- _Exercise goal_: An exact transcription of all the data is required, with every image removed.

┌──

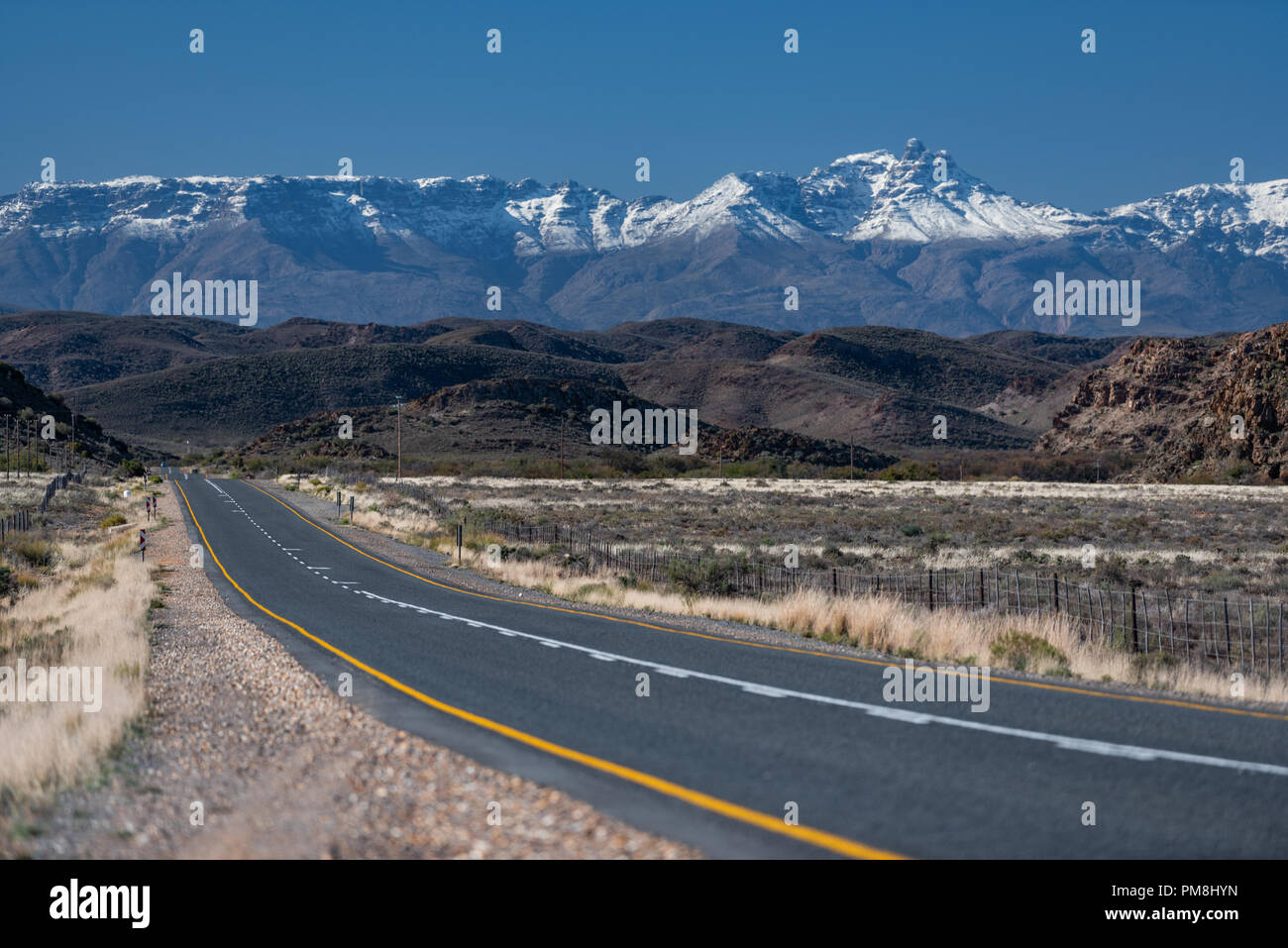 Route 62 e montagne Swartberg, Klein Karoo, Sud Africa Foto Stock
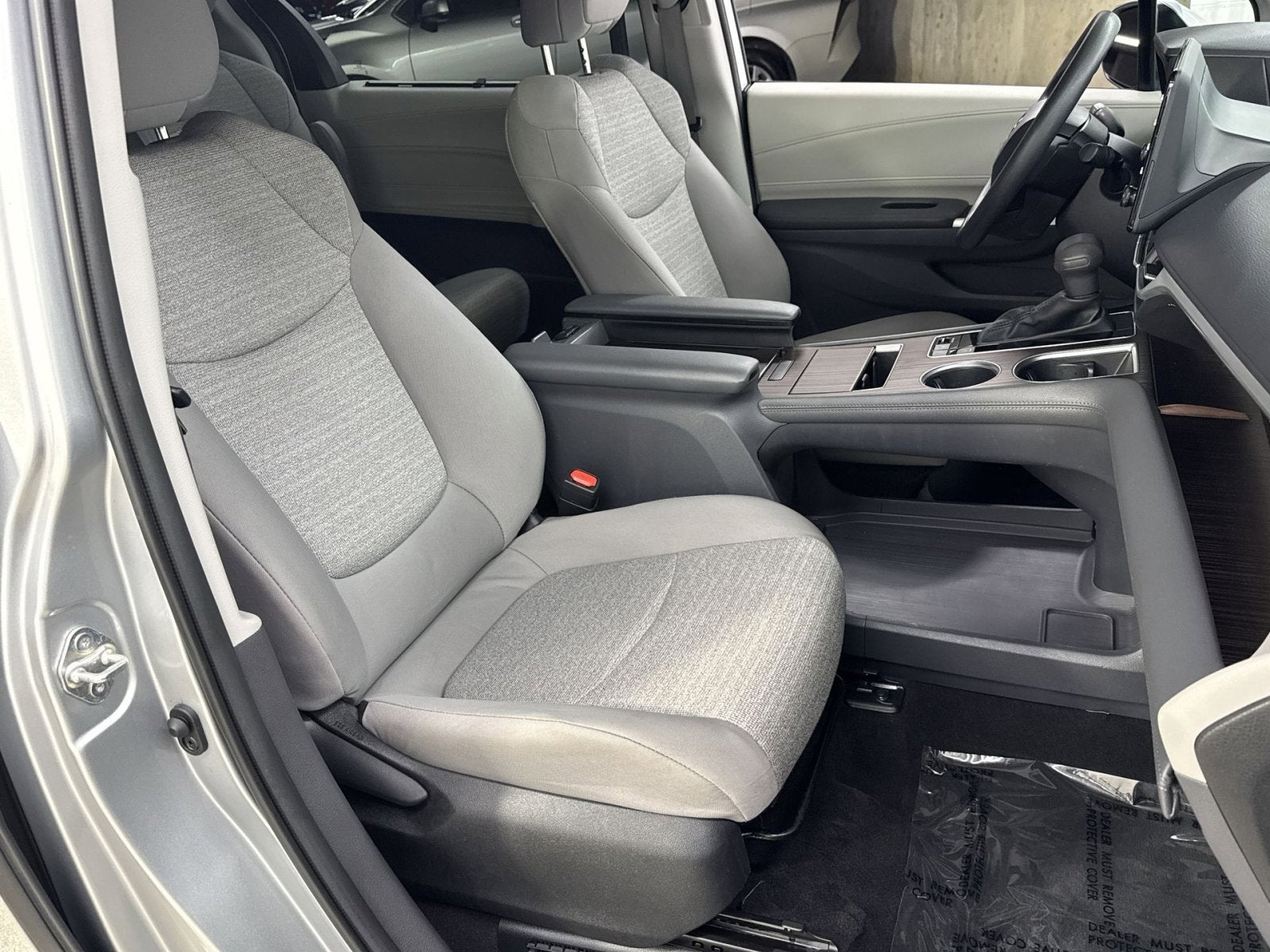 2023 Toyota Sienna LE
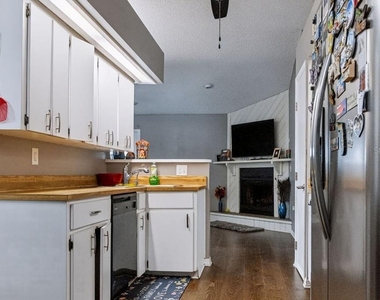 506 Mandy Street - Photo Thumbnail 38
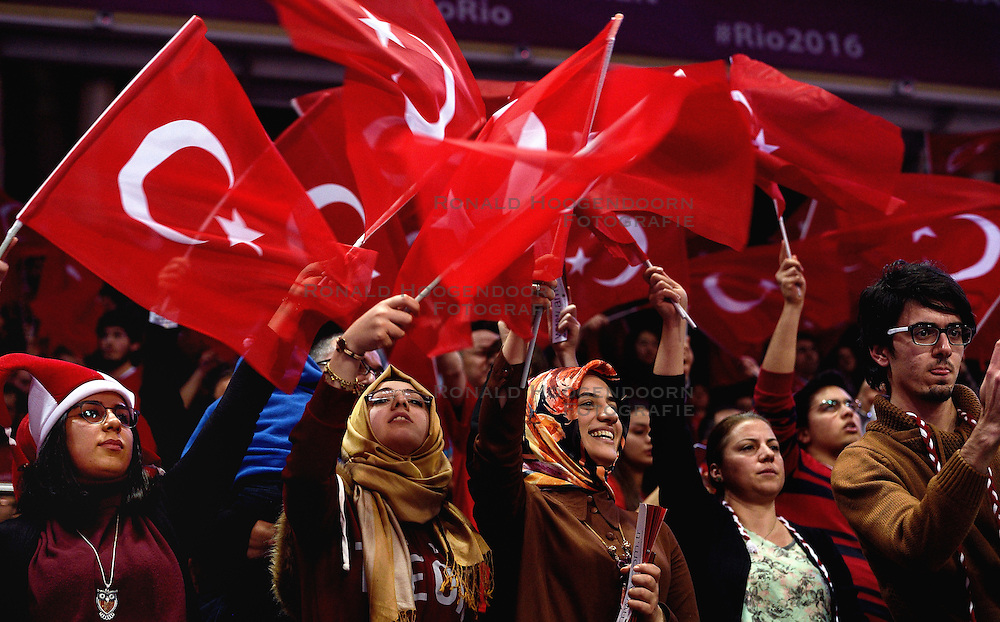 09-01-2016 TUR: European Olympic Qualification Tournament Turkije - Italie, Ankara<br />
De strijd om de tweede Japan ticket wordt gewonnen door Italie. Turkije verliest in de 5de set met 13-15 / Turks publiek, support. De droom naar Rio is voorbij.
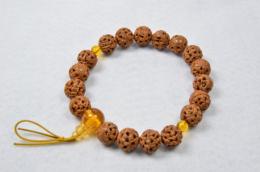 印度龍眼羅漢彫　本琥珀仕立て　腕輪念珠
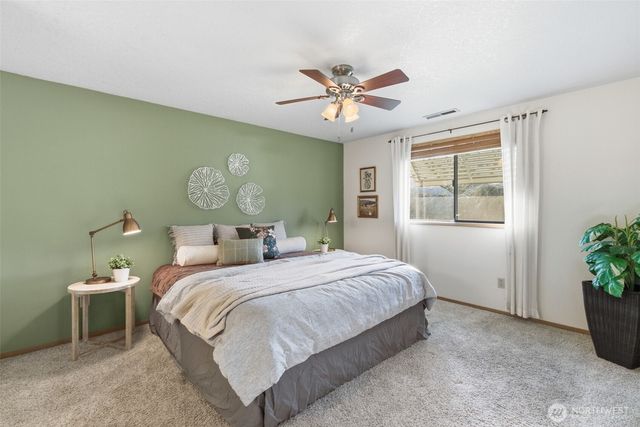 10712 NW 30th Court, Vancouver, WA 98685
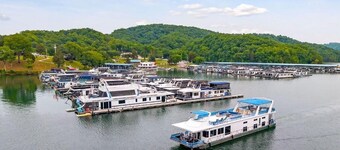 The Flagship Houseboat 84' - Largest Houseboat, 6 bedrooms,waterslide, fireplace on rooftop lounge area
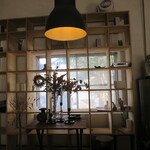 Miite Cafe - カウンターから見える棚(2020年3月)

└──

- _Response to the task_:
 Route 62 e montagne Swartberg, Klein Karoo, Sud Africa Foto Stock
 2023 Toyota Sienna LE
 506 Mandy Street - Photo Thumbnail 38
 09-01-2016 TUR: European Olympic Qualification Tournament Turkije - Italie, Ankara<br />
De strijd om de tweede Japan ticket wordt gewonnen door Italie. Turkije verliest in de 5de set met 13-15 / Turks publiek, support. De droom naar Rio is voorbij.
 印度龍眼羅漢彫　本琥珀仕立て　腕輪念珠
 10712 NW 30th Court, Vancouver, WA 98685
 The Flagship Houseboat 84' - Largest Houseboat, 6 bedrooms,waterslide, fireplace on rooftop lounge area
 Miite Cafe - カウンターから見える棚(2020年3月)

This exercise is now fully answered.